Le profil type de l’internaute qui nie l’urgence climatique est antisystème presque par principe, observe David Chavalarias. Ni de droite ni de gauche, sans corrélation prouvée avec les partis politiques traditionnels, ce sont des personnes qui ont milité dans un cadre antisystème, par exemple antivaccin, souvent avec une composante complotiste, et qui ont participé à d’autres mouvements de contestation qui n’ont rien à voir avec le climat, dit-il.

« Il y avait un terreau fertile parmi ces gens qui se sont pris la pandémie dans la figure et qui ont pu – pour des raisons parfois bonnes, par ailleurs – être en colère contre le système et se mobiliser. Mais certains exploitent ça et ont décidé qu’à partir de maintenant, c’est sur le thème du climat qu’ils se coordonnent. »

— Une citation de  David Chavalarias, directeur de recherche au CNR

Il n’y a pas qu’en France que la pandémie est venue cristalliser d’importantes communautés constituées autour de croyances complotistes.

Dans le rapport Deny, Deceive, Delay, des chercheurs de l’Institute for Strategic Dialogue (ISD), un groupe de réflexion anglais spécialisé dans la recherche sur l’extrémisme et la désinformation, ont documenté l’ampleur des publications trompeuses sur le climat en marge des COP26 et COP27 sur les changements climatiques.

Ils ont constaté que les contenus d’une poignée d’acteurs arrivaient à obtenir une portée et un engagement disproportionnés sur les réseaux sociaux auprès de millions de personnes dans le monde entier.

De la même façon que leurs homologues français, les chercheurs de l’ISD ont remarqué que ces profils avaient tendance à partager de la désinformation sur d’autres sujets que le climat. Il peut s’agir du déni d’un génocide, de conspirations comme celles de QAnon ou de la Grande Réinitialisation [Great Reset], comme de fraudes électorales, selon Jennie King, coauteure du rapport et responsable de la recherche et des politiques en matière de climat à l’ISD.

C’est comme si des groupes sont entrés en collision en ligne et que des conspirations hybrides se sont alors formées, a-t-elle décrit devant la Commission spéciale sur l’ingérence étrangère dans l’ensemble des processus démocratiques de l’Union européenne, y compris la désinformation.

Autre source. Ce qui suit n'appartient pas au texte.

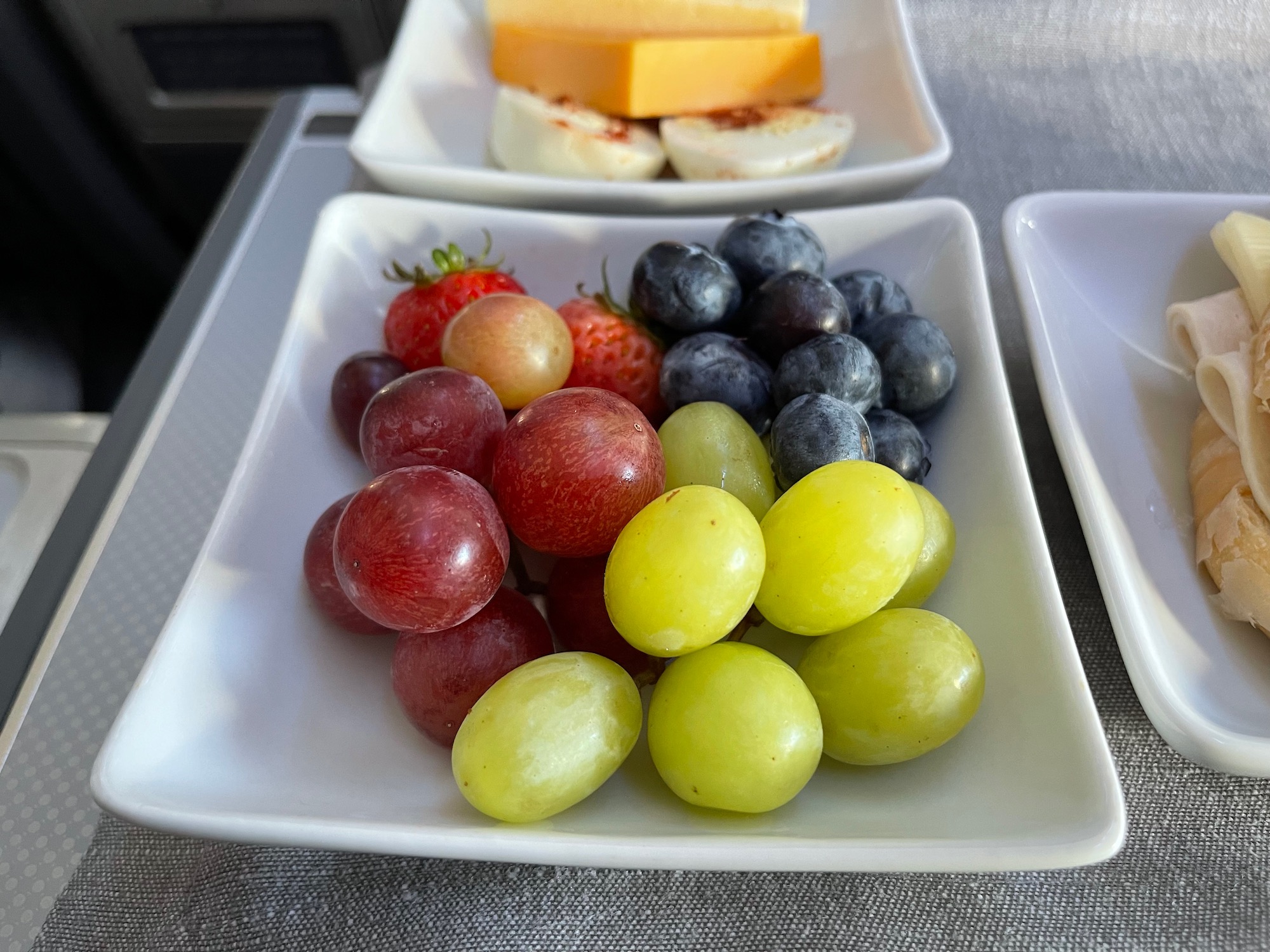 a plate of fruit on a tray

Jennie King, qui observe l’évolution des discours négationnistes sur le climat depuis 2020, note que des internautes ont aussi pu partager des contenus liés à la suprématie blanche, voire à l’antisémitisme. Les affirmations au sujet de supposées élites à la tête de réseaux de trafic d’enfants figuraient aussi parmi les sujets de prédilection de certains utilisateurs.

Les campagnes que mènent ces comptes ont de plus en plus recours à une rhétorique clivante où l’on oppose l’action climatique à une crise économique et une prétendue perte de libertés civiles, résume la chercheuse.

Super-influenceurs et noms trompeurs

Sur une période de quatre semaines, soit avant, pendant et directement après la COP27, l’ISD a identifié 12 comptes Twitter dont quelque 400 publications ont su obtenir près de 350 000 partages. La portée de chacun de ces profils variait de 65 000 à 1,9 million d’abonnés. Sur ces 12 comptes, 9 étaient à l’époque – et demeurent à ce jour – des comptes certifiés de la coche bleue, qui témoigne d’une vérification faite par le réseau social.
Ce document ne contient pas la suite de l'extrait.